» **Exercise goal**
Your answer should consist of each line below that contains the string "image".

Records from a data collection
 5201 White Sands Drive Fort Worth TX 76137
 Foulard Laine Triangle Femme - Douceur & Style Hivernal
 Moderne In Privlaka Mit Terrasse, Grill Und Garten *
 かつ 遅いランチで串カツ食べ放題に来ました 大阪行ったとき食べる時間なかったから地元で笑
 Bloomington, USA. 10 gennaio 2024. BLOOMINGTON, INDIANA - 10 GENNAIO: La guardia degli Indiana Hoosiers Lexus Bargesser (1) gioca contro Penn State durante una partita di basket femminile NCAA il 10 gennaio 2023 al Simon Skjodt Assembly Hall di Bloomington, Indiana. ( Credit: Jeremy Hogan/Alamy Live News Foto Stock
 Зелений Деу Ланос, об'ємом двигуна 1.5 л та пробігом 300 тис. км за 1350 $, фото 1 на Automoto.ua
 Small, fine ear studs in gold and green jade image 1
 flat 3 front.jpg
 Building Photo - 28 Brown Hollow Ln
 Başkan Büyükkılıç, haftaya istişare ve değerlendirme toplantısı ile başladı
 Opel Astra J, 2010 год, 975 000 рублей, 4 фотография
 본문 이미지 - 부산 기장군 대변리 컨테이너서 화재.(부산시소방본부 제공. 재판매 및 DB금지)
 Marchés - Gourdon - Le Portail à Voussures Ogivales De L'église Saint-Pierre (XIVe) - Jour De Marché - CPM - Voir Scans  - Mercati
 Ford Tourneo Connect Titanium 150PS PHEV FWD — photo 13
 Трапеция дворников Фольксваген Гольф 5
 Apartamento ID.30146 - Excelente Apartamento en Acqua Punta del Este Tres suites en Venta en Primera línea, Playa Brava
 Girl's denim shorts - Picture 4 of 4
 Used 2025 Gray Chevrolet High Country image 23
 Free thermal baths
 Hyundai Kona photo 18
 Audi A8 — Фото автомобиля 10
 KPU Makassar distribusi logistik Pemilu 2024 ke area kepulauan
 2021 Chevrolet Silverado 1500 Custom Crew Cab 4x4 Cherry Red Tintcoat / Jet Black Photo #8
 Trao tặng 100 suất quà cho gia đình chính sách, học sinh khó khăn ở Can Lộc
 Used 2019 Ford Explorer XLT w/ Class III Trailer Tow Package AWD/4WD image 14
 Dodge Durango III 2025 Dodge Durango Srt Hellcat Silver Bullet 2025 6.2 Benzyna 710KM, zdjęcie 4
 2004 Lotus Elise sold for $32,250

» **The completed task**
 Small, fine ear studs in gold and green jade image 1
 Used 2025 Gray Chevrolet High Country image 23
 Used 2019 Ford Explorer XLT w/ Class III Trailer Tow Package AWD/4WD image 14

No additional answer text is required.